Balance versus Perfectionism in College

The decision to return to college for a second Masters degree, this time in Religious Studies, meant, for me, that I would complete it in two years. To meet this goal meant attending college full-time, which required I take three classes, or nine hours, a semester. Last semester, I took a full load, and although I did well in each class, I ended the semester so tired and frazzled that I am still exhausted.

Douglas had asked me to attend part-time, but that seemed too namby-pamby for me. But, something happened this week that made me reevaluate my stance, particularly as I was still determined to earn all A’s.

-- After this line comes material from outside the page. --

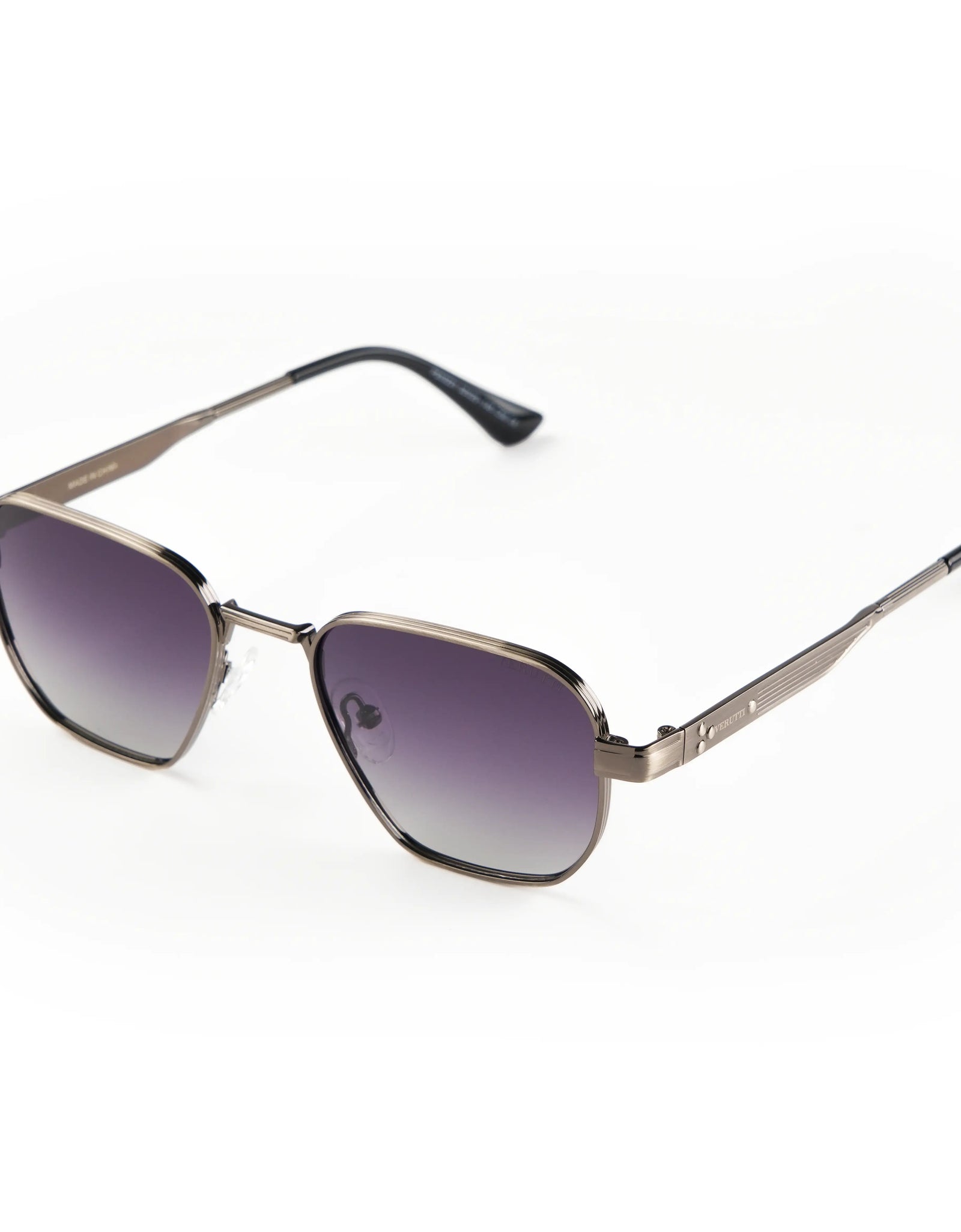 Men’s Luxury Sunglasses Verutti PS33221-C56 – Gunmetal & Purple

On the first day of class for the third class I registed to attend, we were asked to include in our introductions what we planned to do with our degree after graduation. I listened to the young people speak of jobs and graduate svhool of some type. When it was my time, I sheepishly stated that I was back in school for something to do other than binge Britbox and Acorn offerings in Roku. It felt like the other students and the professor looked at me as if to say, “Why are you taking up space here?” I think that in my embarrassment, maybe that was me projecting my own thoughts on to them.

But what that admission did do was to remind me that I don’t need to make all A’s and stress myself into a stroke or a heart attack. I have to maintain a 3.2 average to stay in the program, but that means I can earn B’s and still graduate. Nobody will ever ask for my transcripts, and I really need to let go of the perfectionism that causes me so much needless physical and emotional pain. So, I took the big step (it wasn’t easy to convince myself to be nice to myself) of dropping the third class, and now I am taking Introduction to Buddhism and Buddhism and Healing, two subjects of which I know absolutely nothing, which is the reason for going back to college.

This week, my husband told me that having three classes last semestr meant that I didn’t have time for anything else. I think he meant that I didn’t have time for him, and he was right. When I become laser-focused on making A’s, everything and everyone around me suffers including my health and well-being. I gained weight because I’d just grab whatever I could to eat that didn’t mean that I had to spend a lot of time away from the books.

So now, I am going to see how I do with two classes, and, if necessary, I will make more changes. I am trying to have life balance and not perfectionism, but the habits of a lifetime that have been used to earn the approval of others are hard to break. But, I have to try, for Douglas’ sake and mine.